Fire Inside (Chaos #2)(108)



She shifted sleepily as he reached out a hand to the nightstand to grab his phone, seeing from the alarm clock it was early morning. As in way early morning. He looked at his display and saw it was Tack calling. They’d had dinner with him and Cherry the night before, where they shared their good news.

All of it. Tack and Tyra had been happy for them, Tyra over the moon.

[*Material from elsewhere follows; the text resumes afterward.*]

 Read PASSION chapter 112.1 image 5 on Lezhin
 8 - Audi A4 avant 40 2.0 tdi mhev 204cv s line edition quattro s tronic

So much so Hop didn’t know if she was happier about the baby than the marriage.

It didn’t matter.

His woman had beamed through dinner, showing off her ring, touching her hand to her stomach, and Hop again didn’t know if Lanie was happier about their baby or their marriage.

That was what mattered.

All was good in the family.

But a middle-of-the-night phone call was never good news.

Ever.

He put the phone to his ear and muttered, “You got me.”

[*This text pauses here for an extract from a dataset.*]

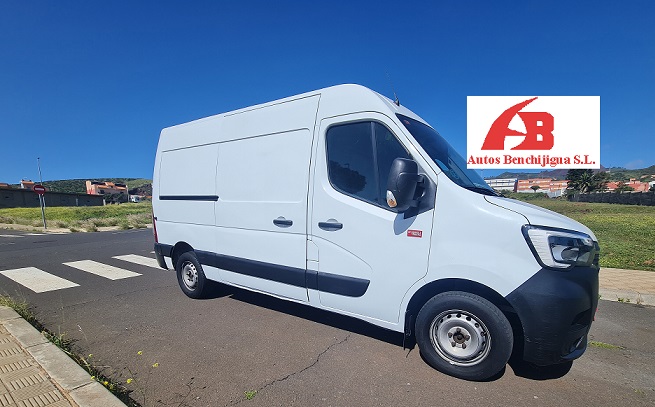 Imagen de RENAULT MASTER L3H3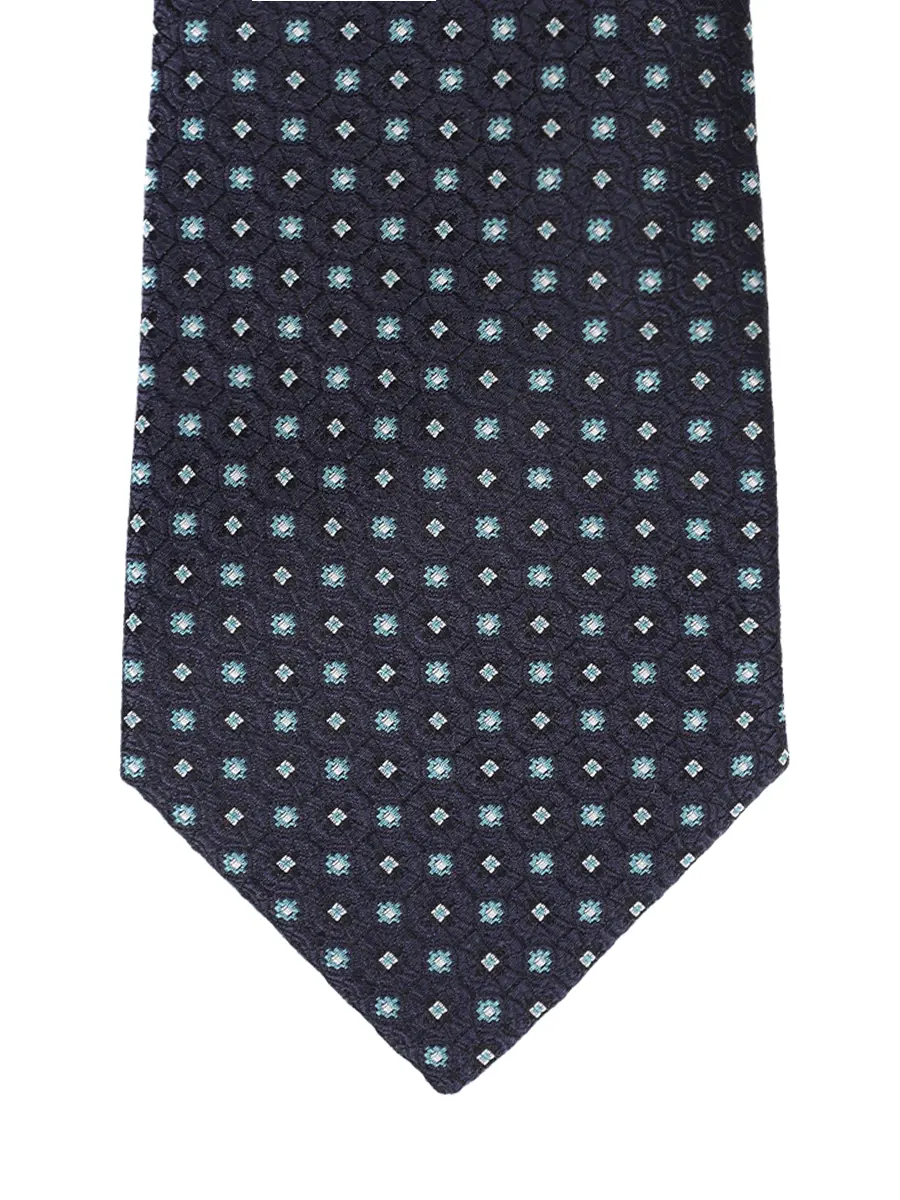 Галстук шелковый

“Callout, brother,” Tack replied. “Benito.”

Fuck, he thought

“Be there in fifteen,” he said.

“Later.”

“Later.”

He tossed his phone to the nightstand as he felt Lanie stretch, pressing into him.

“Is everything okay?” she murmured, her voice drowsy and sweet.

“Yeah,” he lied.

His woman was good in all the ways she could be. The short-term therapy counselor had suggested long-term therapy and Lanie had found someone she liked working with. They were winding things up seeing as his woman… no, his wife… had moved beyond the heavy shit and had been given the tools to deal with how her thoughts and memories twisted themselves and tortured her.

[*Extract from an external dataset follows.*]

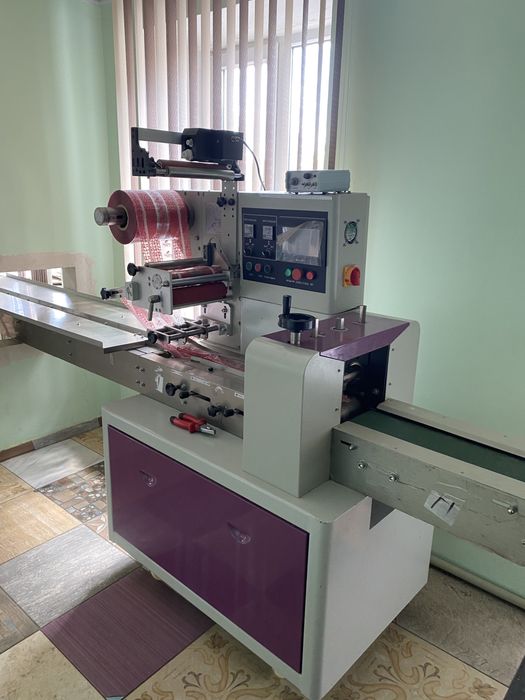 Оборудование для производства печенья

She still threw dramas but they were not embedded in dysfunction.

She came home from work and ranted about shit that was fixable, thus mostly unimportant, but was important to get off her chest.

She hilariously lost it when she got caught up in something and burned her first attempt at making Cody’s birthday cake.

And she bitched while he bit back laughter at the antics of her mother and father; strike that, her sober, seriously pissed off mother and her ass**le father. Lanie and Lis were Team Joellyn all the way as Joellyn made maneuvers to take her husband to the cleaners. Edward had backtracked, saying he wanted her back, and none of the Heron women could tell if he said that because he knew he’d lose a vast chunk of his fortune or he was falling back in love with the woman he’d married now that she was sober. None of them cared, either. It was an all-out female Heron offensive to make that dirtbag pay.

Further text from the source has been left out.